┏━━

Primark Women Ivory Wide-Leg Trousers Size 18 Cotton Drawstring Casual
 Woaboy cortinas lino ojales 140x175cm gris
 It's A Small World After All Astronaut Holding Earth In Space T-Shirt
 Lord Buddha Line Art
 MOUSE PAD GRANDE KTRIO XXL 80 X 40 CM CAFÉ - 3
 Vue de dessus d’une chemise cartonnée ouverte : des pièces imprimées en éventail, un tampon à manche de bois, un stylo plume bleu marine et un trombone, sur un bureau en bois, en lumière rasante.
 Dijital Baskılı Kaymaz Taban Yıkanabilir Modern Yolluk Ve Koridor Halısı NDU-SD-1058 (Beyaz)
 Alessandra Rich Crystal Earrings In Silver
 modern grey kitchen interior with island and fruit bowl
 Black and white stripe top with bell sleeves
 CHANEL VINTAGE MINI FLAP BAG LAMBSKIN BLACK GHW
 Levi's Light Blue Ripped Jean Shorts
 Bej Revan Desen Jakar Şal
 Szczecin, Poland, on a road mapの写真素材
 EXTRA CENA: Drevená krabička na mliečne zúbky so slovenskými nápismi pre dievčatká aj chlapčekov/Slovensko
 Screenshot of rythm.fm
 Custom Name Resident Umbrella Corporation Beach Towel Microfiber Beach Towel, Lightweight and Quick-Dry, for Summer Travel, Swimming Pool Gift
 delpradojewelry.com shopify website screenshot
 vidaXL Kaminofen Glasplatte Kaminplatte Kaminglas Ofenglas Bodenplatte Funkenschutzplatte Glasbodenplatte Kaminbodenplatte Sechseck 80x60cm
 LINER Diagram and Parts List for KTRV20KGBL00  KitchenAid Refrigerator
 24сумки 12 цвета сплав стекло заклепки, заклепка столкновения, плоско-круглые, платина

┗━━

ABOUT THIS TASK ::
Which lines run from the one containing "Alessandra Rich Crystal Earrings In Silver" to the final line of the entries? Return those lines exactly, and only those.

ANSWER SPACE ::
 Alessandra Rich Crystal Earrings In Silver
 modern grey kitchen interior with island and fruit bowl
 Black and white stripe top with bell sleeves
 CHANEL VINTAGE MINI FLAP BAG LAMBSKIN BLACK GHW
 Levi's Light Blue Ripped Jean Shorts
 Bej Revan Desen Jakar Şal
 Szczecin, Poland, on a road mapの写真素材
 EXTRA CENA: Drevená krabička na mliečne zúbky so slovenskými nápismi pre dievčatká aj chlapčekov/Slovensko
 Screenshot of rythm.fm
 Custom Name Resident Umbrella Corporation Beach Towel Microfiber Beach Towel, Lightweight and Quick-Dry, for Summer Travel, Swimming Pool Gift
 delpradojewelry.com shopify website screenshot
 vidaXL Kaminofen Glasplatte Kaminplatte Kaminglas Ofenglas Bodenplatte Funkenschutzplatte Glasbodenplatte Kaminbodenplatte Sechseck 80x60cm
 LINER Diagram and Parts List for KTRV20KGBL00  KitchenAid Refrigerator
 24сумки 12 цвета сплав стекло заклепки, заклепка столкновения, плоско-круглые, платина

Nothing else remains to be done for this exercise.